Upon his return, Davis held a meeting with the team where he apologized on two separate occasions for how the team interpreted his actions. Petersen said he did not apologize for his actions, and the statement came off as something akin to victim blaming.

Petersen made it clear that her decision to leave the team had nothing to do with her teammates. She walked away because she could not play for someone she did not respect.

“It was hard. One of the toughest decisions I’ve had to make,” Petersen said about leaving the team.

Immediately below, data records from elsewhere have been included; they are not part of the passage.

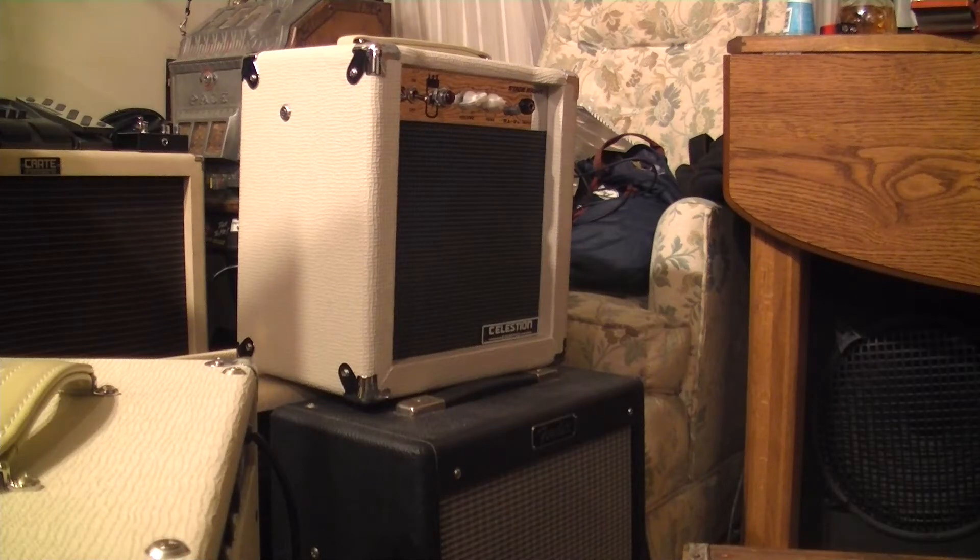Hi folks. This is a follow-up to my previous video about modifications to the Monoprice 5-watt tube amp, which is a rebranded Laney Cub 8. So everything applies to both of those amps.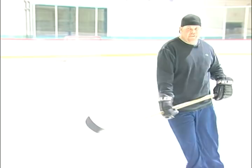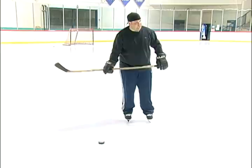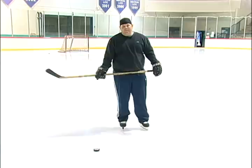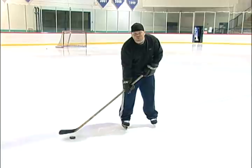All right, now I'd like to show you some ways to handle the puck. You always want to secure it and protect it, because somebody from the opposite team can steal it. It's a good way to just protect it by cupping it and keeping it with you at all times.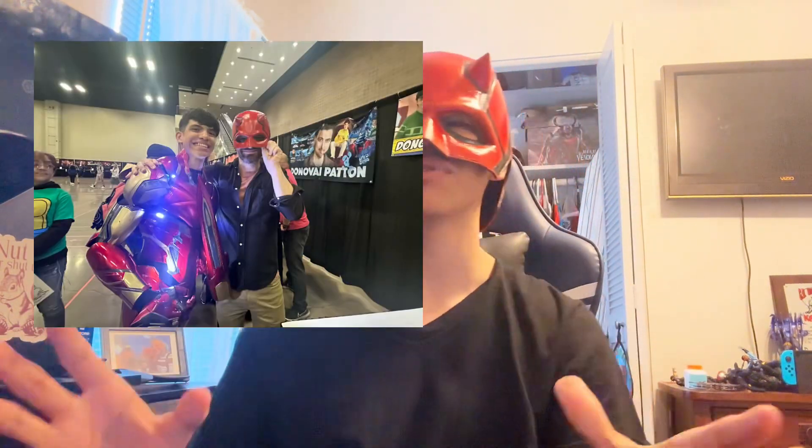Hey, Daredevil's amazing guys! I got to take pictures with the Daredevil at Texas Comic-Con. Normally my helmets are way too small — this one is way too big — but I'm going to show you how you can avoid that, and also show you what to get: the files, prints, paint, and all of that. So maybe one day you can take pictures with the Daredevil himself. Let's jump into it.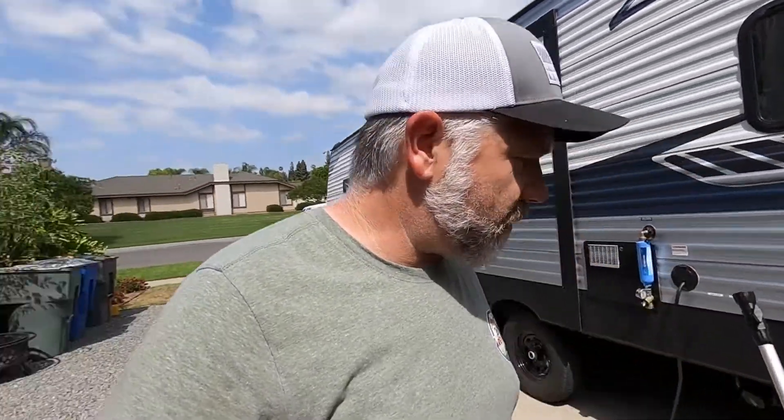Hey guys, Kevin with 360 RV Reviews. I've been doing some maintenance and we're getting prepared for a long summer trip. I'll announce the locations and dates of where we're going, but right now we're gonna focus on washing the rig. Let's do this, go old school - we're gonna get a little sweaty.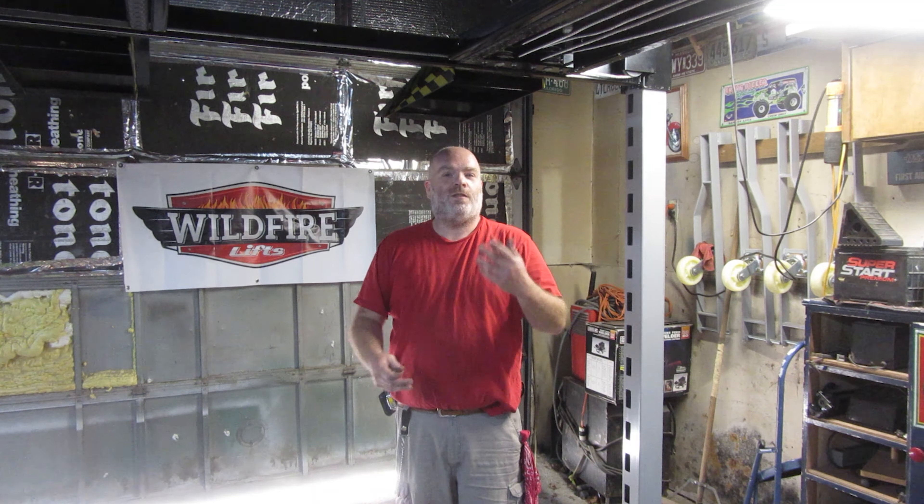I feel like I need to be open and honest. I did have the bearing problem, but they took care of me right away. I called them that day — it was a Friday — he sent the parts out on Monday and I had them here on Thursday. That's pretty quick considering how bad shipping is right now. I was very satisfied. The customer service for Wildfire Lifts is amazing. I have never in my entire life had customer service like they've given me.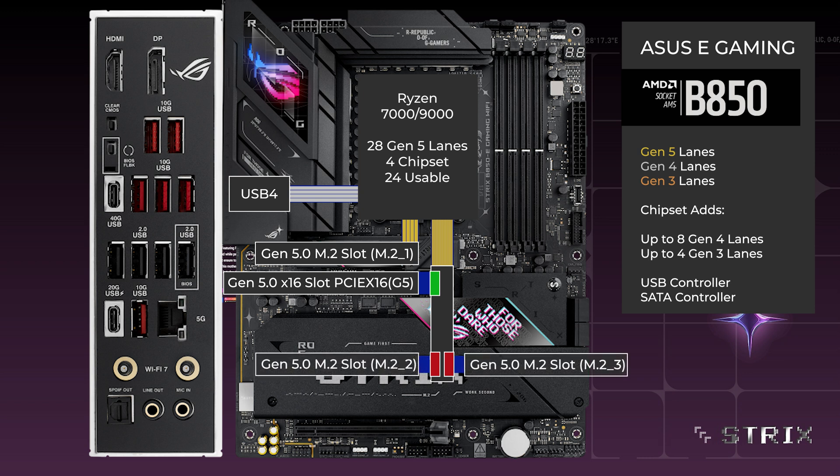If only the x16 slot is used, all lanes go to that slot. If 1 or both of the M.2 slots are used, the x16 drops to 8 lanes, and 4 lanes go to each M.2.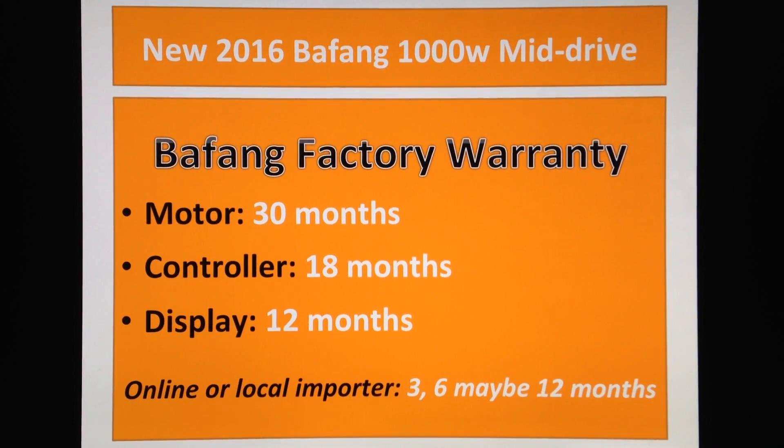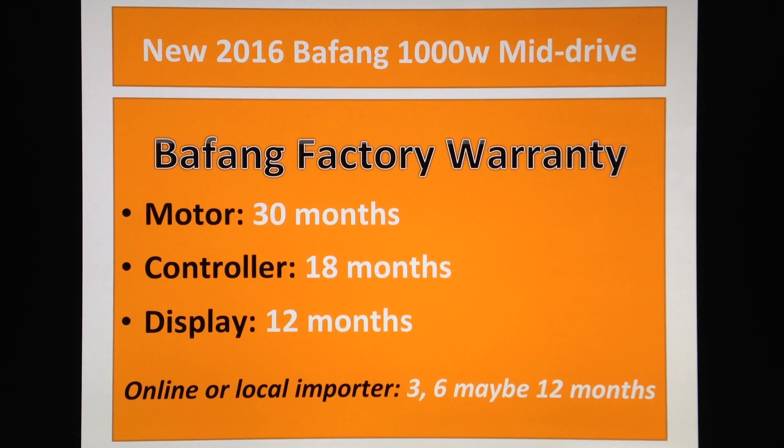If you like my channel, please subscribe. I'll come up with lots of videos, a lot of information about Bafang, because this is a system that I really like and I think it's gonna make a revolution in the electric bike industry.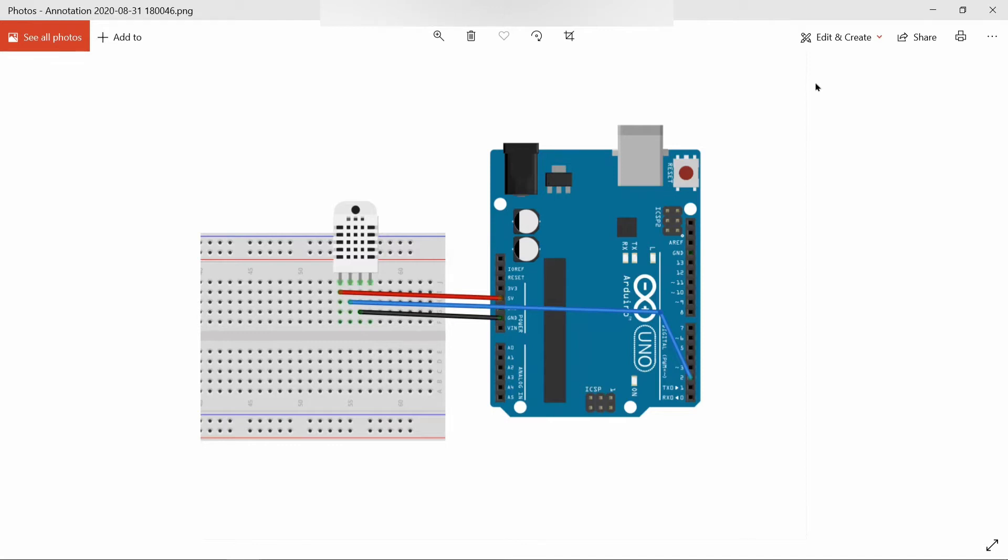Hello everyone, this is an Arduino temperature monitor project. In this project we are going to use a DHT11 sensor and Arduino. Before going into the project, let's know briefly about DHT11.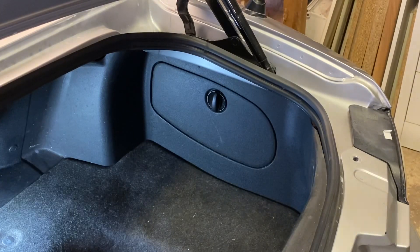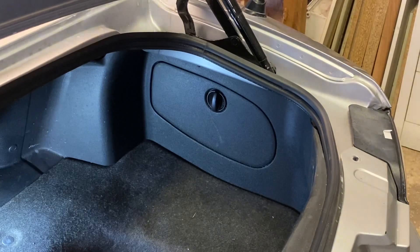Good afternoon guys, another quick video on the Mark 3 NC Mazda MX-5. When you're driving with the hood up or down, you may get a rattle from the back end. It may not be the exhaust, it may not be the rust — it could be something as simple as the tools used to tow or jack the car.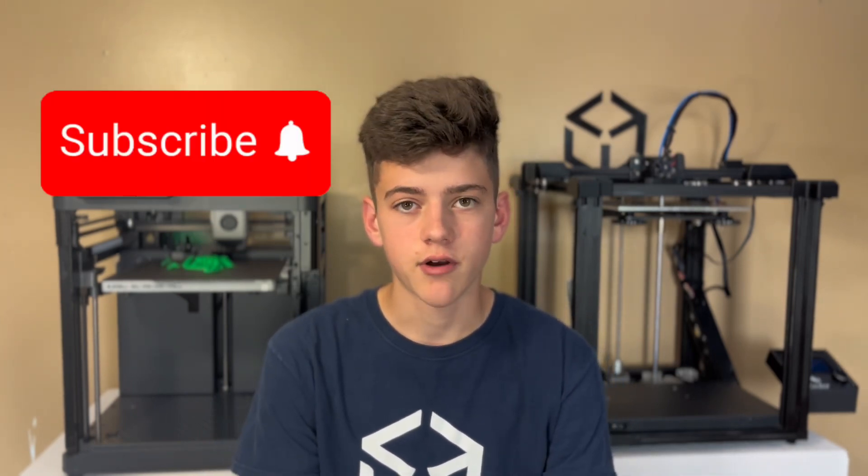Anyway, I'm extremely happy with my purchase. I hope this video helped you out a little bit. Make sure you guys subscribe, comment if you have questions, and let me know if you have any problems on your machine — or if I have problems, I can ask any of you. Keep notifications on, like the video, and I'll see you in the next one.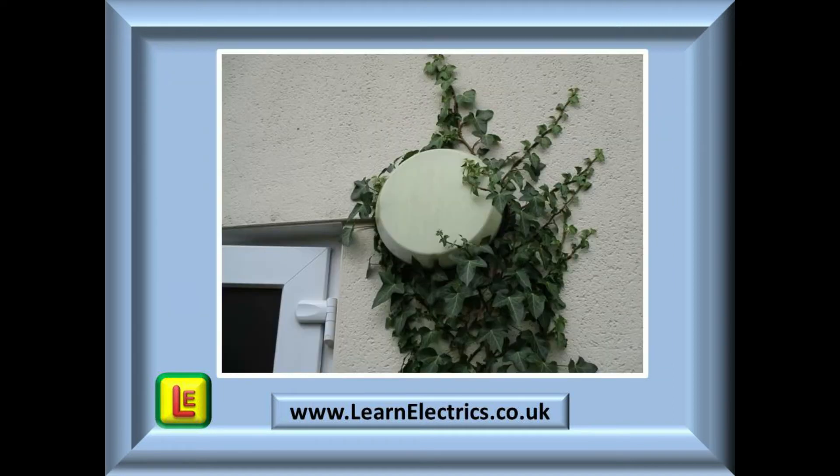An outdoor luminaire is shown here. It will be exposed to all that the elements can throw at it for 365 days a year, for maybe 10 or 20 years. It could be hot and dusty in the summer, and stormy weather may bring lashings of wind-driven rain. Plant life that grows around it should not be able to penetrate into the lamp area, and in the winter the luminaire could be covered in snow and ice for several days or weeks.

Linfield’s statement was made by director of communications and marketing Scott Nelson and is as follows:

“We were made aware of concerns by some players in mid-September, and have been actively working with our student-athletes ever since. Because of privacy restrictions of both employees and students, we’re limited in the details we can share. But the coaching staff and the administration have met multiple times with our student-athletes, both individually and as a group. We have invited open communication and will continue to be proactive in addressing any concerns.”

It continues:

“Changing coaches and coaching style, in any sport, often involves a growth process for both players and the coach. Linfield will continue to communicate openly with everyone involved in this transition, and is confident the result will be a successful on-court team and a positive and supportive learning environment for student-athletes.”

Volleyball has four more weeks left of their 2018 season.

Both Coach Davis and Susan Hopp were contacted for a response, Davis denied to comment and Hopp has not yet responded.